Collected data
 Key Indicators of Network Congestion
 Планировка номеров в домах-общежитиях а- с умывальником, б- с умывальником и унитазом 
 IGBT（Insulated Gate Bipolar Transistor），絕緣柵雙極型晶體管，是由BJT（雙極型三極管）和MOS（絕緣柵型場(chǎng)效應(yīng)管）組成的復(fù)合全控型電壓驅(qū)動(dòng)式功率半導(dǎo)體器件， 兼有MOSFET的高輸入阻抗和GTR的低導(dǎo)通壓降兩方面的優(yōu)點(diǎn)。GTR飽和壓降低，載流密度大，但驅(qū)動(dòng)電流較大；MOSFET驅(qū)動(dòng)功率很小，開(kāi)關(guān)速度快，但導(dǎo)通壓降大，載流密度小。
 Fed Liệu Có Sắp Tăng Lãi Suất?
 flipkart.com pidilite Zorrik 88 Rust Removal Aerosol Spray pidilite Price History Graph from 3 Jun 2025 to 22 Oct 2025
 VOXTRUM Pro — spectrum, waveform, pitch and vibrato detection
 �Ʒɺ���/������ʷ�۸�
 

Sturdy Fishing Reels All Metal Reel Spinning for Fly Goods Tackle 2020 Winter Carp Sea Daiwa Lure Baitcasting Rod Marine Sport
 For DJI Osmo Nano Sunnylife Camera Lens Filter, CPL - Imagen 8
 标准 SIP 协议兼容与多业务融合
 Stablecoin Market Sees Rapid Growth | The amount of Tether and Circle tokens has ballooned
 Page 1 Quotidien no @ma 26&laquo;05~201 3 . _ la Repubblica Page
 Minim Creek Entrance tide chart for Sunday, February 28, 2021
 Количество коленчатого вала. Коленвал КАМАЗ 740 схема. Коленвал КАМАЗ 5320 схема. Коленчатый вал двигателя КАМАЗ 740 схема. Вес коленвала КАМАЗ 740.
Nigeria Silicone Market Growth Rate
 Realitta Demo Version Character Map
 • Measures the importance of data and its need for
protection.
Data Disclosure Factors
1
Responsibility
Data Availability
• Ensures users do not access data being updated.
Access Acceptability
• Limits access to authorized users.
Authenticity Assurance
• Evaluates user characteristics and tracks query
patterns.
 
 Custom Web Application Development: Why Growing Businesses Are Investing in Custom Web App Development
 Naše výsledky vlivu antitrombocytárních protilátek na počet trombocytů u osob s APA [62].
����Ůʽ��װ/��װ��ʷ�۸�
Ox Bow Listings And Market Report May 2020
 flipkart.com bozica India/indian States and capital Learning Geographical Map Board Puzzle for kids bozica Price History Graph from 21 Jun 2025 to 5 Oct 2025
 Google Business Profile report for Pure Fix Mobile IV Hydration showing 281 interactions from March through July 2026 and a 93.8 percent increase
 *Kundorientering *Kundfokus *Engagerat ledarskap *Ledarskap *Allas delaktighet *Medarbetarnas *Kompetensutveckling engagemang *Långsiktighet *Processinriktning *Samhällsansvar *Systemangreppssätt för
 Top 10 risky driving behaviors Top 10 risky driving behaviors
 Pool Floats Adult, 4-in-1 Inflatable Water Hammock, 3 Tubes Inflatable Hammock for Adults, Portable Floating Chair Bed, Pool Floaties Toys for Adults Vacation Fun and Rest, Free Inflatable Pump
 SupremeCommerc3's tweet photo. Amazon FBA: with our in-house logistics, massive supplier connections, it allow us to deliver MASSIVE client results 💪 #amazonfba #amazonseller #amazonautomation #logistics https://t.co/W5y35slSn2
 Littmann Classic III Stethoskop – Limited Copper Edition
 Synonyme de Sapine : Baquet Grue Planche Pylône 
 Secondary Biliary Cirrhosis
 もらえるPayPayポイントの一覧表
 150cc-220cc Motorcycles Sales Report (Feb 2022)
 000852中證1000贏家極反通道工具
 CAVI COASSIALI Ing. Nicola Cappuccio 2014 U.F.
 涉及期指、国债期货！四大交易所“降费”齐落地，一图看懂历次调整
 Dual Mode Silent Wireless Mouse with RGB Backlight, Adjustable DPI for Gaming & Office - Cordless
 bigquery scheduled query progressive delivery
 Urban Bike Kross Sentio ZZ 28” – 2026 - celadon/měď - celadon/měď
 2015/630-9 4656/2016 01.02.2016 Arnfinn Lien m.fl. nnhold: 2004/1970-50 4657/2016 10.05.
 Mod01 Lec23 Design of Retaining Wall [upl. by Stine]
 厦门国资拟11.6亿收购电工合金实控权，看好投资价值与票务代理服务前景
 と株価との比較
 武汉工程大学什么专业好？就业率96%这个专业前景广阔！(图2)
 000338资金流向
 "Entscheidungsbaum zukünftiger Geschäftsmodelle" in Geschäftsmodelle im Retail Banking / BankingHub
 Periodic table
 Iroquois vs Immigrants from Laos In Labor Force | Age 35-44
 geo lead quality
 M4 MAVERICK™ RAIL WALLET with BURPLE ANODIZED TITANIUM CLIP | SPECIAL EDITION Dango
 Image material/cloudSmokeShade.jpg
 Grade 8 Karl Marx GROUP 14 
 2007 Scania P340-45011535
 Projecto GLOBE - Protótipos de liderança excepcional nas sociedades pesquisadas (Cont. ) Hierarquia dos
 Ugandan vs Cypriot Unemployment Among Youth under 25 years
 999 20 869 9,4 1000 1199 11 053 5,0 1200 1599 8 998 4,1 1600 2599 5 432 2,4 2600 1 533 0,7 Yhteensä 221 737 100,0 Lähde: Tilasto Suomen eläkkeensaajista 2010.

### AIM OF THE TASK
Which lines in the records above hold the string "Price"? Copy each of them.

### EXERCISE RESPONSE
 flipkart.com pidilite Zorrik 88 Rust Removal Aerosol Spray pidilite Price History Graph from 3 Jun 2025 to 22 Oct 2025
 flipkart.com bozica India/indian States and capital Learning Geographical Map Board Puzzle for kids bozica Price History Graph from 21 Jun 2025 to 5 Oct 2025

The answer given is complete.